President Recep Tayyip Erdoğan on 16 December asked: "What kind of alliance is this?”, adding “US sanctions aim to prevent Turkey’s developments in the defence sector and make the country dependent once again; this decision is an attack on Turkey's sovereign rights”. The US sanctions have been imposed on Turkey's Presidency of Defence Industries (SSB) and its head Ismail Demir and were applied through the 2017 Countering America's Adversaries Through Sanctions Act (CAATSA), which is designed to deter any country from agreeing military deals with Russia. This is the first time that the United States has deployed CAATSA legislation against a NATO partner.
Russia and Iran took the opportunity to side with Turkey on the issue. Russian Foreign Minister Sergey Lavrov said the US sanctions did nothing for the credibility of the US as a responsible participant in the international arena, including military-technical cooperation, while Iranian Foreign Minister Javad Zarif tweeted: "US addiction to sanctions and contempt for international law at the full display again. We strongly condemn recent US sanctions against Turkey and stand with its people and government".
Turkey’s tilt towards authoritarianism and coercive diplomacy after 17 years with President Recep Tayyip Erdogan at the helm has unsettled several NATO members. Turkey is increasingly at odds with its NATO allies over many other issues in addition to the air defence system, including the armed conflicts in Libya and Syria, as well as energy resources in the eastern Mediterranean.
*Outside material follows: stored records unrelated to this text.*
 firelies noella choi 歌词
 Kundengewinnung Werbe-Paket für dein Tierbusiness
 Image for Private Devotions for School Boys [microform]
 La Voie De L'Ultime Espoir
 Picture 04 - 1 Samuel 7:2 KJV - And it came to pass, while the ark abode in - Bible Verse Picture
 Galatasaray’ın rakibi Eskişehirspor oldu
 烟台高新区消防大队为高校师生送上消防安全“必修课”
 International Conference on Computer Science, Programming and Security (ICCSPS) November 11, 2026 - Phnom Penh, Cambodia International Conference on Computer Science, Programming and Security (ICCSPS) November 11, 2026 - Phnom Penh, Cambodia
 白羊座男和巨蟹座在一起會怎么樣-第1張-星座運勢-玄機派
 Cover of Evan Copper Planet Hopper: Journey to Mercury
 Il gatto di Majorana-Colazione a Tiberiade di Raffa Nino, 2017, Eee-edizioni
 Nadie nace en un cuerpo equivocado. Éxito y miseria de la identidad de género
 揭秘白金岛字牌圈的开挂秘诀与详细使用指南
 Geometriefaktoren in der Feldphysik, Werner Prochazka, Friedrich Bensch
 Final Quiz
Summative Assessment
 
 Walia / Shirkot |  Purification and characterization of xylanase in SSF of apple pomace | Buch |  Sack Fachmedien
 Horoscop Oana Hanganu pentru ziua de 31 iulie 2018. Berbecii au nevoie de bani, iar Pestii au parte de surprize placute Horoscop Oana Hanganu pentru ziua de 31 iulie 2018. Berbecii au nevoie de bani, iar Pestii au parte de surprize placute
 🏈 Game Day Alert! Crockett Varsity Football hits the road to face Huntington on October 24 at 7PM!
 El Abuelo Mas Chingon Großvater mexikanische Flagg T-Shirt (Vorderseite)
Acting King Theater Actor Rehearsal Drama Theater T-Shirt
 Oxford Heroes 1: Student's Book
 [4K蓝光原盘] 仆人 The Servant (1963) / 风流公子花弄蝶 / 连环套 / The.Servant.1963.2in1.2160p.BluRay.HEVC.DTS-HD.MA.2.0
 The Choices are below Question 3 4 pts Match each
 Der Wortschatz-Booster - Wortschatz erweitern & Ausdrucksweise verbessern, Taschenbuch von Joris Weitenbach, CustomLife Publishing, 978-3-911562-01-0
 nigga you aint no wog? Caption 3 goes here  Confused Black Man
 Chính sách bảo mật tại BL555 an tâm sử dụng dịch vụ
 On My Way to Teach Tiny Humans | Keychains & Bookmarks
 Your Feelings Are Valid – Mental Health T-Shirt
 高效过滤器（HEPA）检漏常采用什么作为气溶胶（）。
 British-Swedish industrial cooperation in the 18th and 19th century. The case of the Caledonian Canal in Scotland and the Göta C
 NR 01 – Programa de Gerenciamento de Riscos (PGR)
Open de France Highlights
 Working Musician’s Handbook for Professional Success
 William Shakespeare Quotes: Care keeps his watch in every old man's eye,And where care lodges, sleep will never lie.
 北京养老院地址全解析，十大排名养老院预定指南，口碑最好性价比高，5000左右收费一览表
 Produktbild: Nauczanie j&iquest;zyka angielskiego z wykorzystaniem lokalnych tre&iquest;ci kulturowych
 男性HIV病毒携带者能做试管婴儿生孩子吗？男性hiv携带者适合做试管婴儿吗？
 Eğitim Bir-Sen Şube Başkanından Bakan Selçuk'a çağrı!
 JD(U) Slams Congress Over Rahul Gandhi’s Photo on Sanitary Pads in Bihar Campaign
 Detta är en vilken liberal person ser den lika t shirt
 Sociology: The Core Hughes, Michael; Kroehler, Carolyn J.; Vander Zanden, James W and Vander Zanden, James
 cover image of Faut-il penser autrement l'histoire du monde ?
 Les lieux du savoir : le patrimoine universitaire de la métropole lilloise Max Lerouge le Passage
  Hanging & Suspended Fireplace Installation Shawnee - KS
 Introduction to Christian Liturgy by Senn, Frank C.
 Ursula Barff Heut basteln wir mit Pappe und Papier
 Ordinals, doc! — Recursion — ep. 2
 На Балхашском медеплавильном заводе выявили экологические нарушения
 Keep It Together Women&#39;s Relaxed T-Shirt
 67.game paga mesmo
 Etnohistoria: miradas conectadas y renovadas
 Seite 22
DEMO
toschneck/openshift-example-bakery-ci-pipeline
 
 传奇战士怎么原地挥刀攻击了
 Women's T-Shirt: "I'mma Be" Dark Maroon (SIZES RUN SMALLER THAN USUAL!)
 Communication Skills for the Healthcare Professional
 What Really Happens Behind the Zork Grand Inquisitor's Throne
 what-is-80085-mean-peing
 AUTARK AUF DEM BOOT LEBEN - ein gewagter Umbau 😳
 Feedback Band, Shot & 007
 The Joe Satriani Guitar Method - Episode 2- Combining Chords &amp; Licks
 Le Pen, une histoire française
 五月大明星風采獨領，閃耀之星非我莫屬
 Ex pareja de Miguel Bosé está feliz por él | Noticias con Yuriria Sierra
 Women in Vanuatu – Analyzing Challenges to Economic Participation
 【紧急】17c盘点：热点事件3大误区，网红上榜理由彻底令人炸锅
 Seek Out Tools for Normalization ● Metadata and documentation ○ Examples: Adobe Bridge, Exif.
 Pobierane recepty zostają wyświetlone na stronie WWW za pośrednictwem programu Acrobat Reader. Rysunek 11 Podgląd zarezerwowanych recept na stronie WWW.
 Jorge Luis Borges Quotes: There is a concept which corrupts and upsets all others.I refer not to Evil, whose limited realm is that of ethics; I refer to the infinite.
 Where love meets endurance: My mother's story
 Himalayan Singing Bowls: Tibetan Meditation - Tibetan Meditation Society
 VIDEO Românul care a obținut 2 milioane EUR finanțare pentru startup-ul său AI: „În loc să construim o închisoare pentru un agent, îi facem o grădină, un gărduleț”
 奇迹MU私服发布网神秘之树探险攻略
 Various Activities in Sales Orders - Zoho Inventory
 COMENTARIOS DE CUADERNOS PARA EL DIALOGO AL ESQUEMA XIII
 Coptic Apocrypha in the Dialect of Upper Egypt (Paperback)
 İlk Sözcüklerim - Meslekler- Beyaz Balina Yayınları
In the latter, despite NATO developing a military de-confliction mechanism between Greece and Turkey in October tensions in the region have continued. According to media reports there were some quite sharp exchanges between the US Secretary of State Pompeo and Turkish Foreign Minister Mevlüt Çavuşoğlu at the recent NATO Foreign Ministers meeting.
Ten days after the NATO Foreign Ministers meeting, the EU leaders agreed to apply some limited sanctions against Turkish officials for violating Greek waters, but deferred any further actions (including possible imposition of trade tariffs or an arms embargo) until their March 2021 summit and pending consultations with the incoming Biden administration.
Three former Turkish Ambassadors to NATO called for “a healthy dose of reality” to be injected into this dispute, which “risks descending into a blame game in which only NATO’s opponents stand to gain”. They suggest that the S-400 issue could be satisfactorily resolved if Turkey were to make “a verifiable pledge within NATO not to activate the system and the US takes a decision in parallel to reverse its position on the exclusion of Turkey from the F35 programme and on the recently imposed sanctions”. They also suggest a complementary agreement within NATO “on the joint production of a missile defence system under a generous technology sharing agreement”.
Biden’s attitude towards Turkey remains to be seen, but for the time being the US sanctions threaten to have serious negative medium-term implications for Turkey's defence sector. Moreover, if positions continue to harden the potential for a Turkish exit from NATO may well become a real possibility.